Beyond my lens, beyond the grins a young man’s confidence blooms

Beyond the tress, beyond the fence…  yonder mischief looms

Weekly Photo Challenge: Illumination

Illumination

This week’s photo challenge is titled Illumination. While looking around for a shot that aligned with the challenge (defined as light, brightness, radiance, brilliance, clarification or enlightenment etc…) I came across a souvenir from the Ringling Bros. and Barnum & Bailey Circus. It’s a softball sized globe that sits atop a stick and reminds me of the Reunion Tower in Dallas, except the souvenir spins a lot faster. Maybe that’s exactly what it’s supposed to be; heck I don’t know I stole it from a grandchild just found it lying around. Anyway, you press a button and this gadget puts on a fascinating little light show which by the way reminds me of an enlightening story my grandmother once told me about her trip to the circus.

First allow me to shed some light on my grandmother. She was a tad peculiar by some standards. Correction she was outright odd, offbeat and utterly deranged at times. I loved her dearly but come on, who in their right mind tries to gnaw the head off of a screaming gray squirrel? In her defense I must say the rodent did bite first – she merely wanted to teach him a lesson. She was a tough cookie who didn’t take guff from any creature and as hard as she was there beat a tender childlike heart within her bosom.

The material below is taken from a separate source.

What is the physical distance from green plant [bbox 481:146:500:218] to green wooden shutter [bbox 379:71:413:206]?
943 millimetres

I wish I had been there under the big top when my uncle took her along with his family to see the circus when it came to town. I know she was mesmerized by all of the excitement; the delight was still in her voice as she recounted the day’s events.  She laughed about the trained elephants and giggled at the silly clowns, held her breath when reminiscing about the trapeze artists and shook her head and shuddered in disbelief when it came to the high line exhibition. “It was the darndest thing you ever did see Jennavenay.” That’s what she called me. Not because she couldn’t enunciate Janna René, she preferred Jennavenay and that is all she ever called me. I asked her once if she knew my name, she pronounced it plainly and just as plainly added, “I don’t like it. I call you Jennavenay and you answer to it-that’s good enough.” And I suppose it was.

It took a moment or a few chuckles before it occurred to me she had a tooth missing from her upper denture. “What happened to your tooth Grandma?” I asked. “Spot light did it.” She said matter of factly.

“Oh my goodness, someone hit you with a spotlight?”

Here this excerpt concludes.